(Beginning of INFORMATION SUPPLIED)

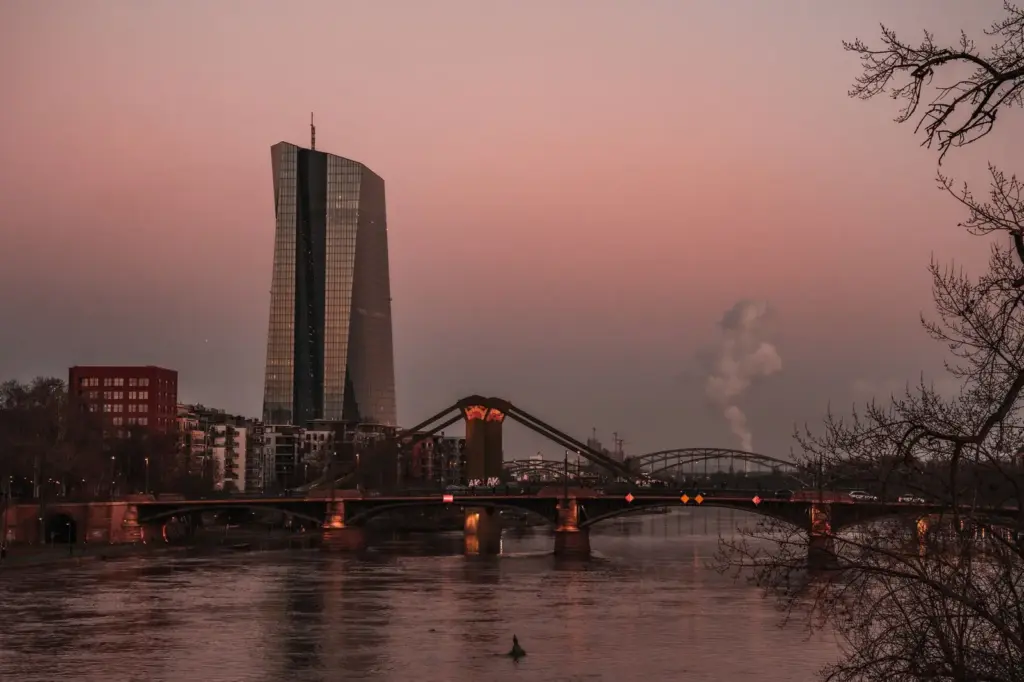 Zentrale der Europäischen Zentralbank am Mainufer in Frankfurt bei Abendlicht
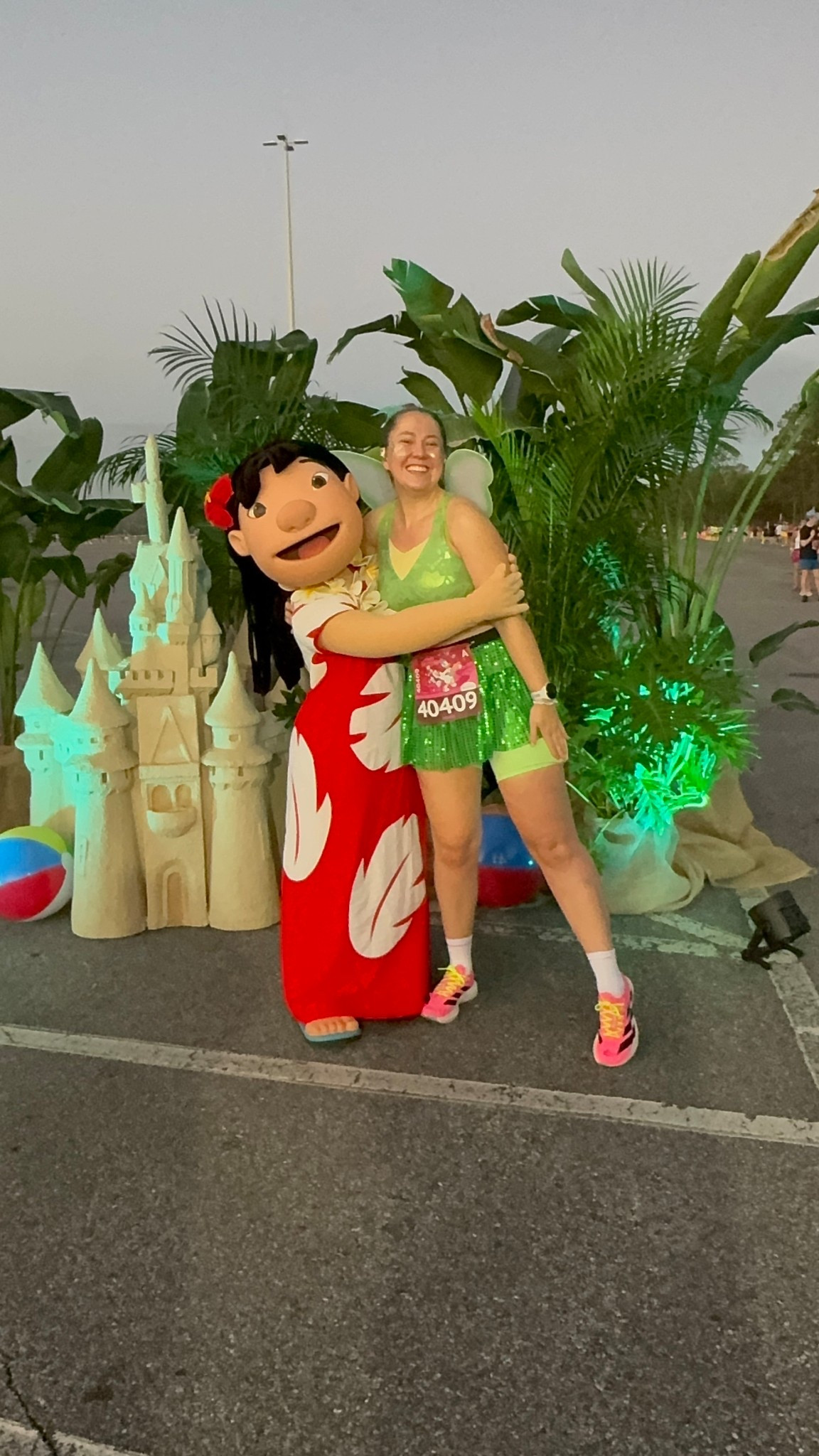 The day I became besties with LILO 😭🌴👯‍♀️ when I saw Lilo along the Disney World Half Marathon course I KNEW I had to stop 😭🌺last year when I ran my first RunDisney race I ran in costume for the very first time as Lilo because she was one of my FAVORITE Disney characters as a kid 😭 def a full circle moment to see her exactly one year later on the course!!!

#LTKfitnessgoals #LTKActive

(End of INFORMATION SUPPLIED)

PROBLEM STATEMENT: Give back all the material exactly, with no pictures.

THE ANSWER:
 Zentrale der Europäischen Zentralbank am Mainufer in Frankfurt bei Abendlicht
 The day I became besties with LILO 😭🌴👯‍♀️ when I saw Lilo along the Disney World Half Marathon course I KNEW I had to stop 😭🌺last year when I ran my first RunDisney race I ran in costume for the very first time as Lilo because she was one of my FAVORITE Disney characters as a kid 😭 def a full circle moment to see her exactly one year later on the course!!!

#LTKfitnessgoals #LTKActive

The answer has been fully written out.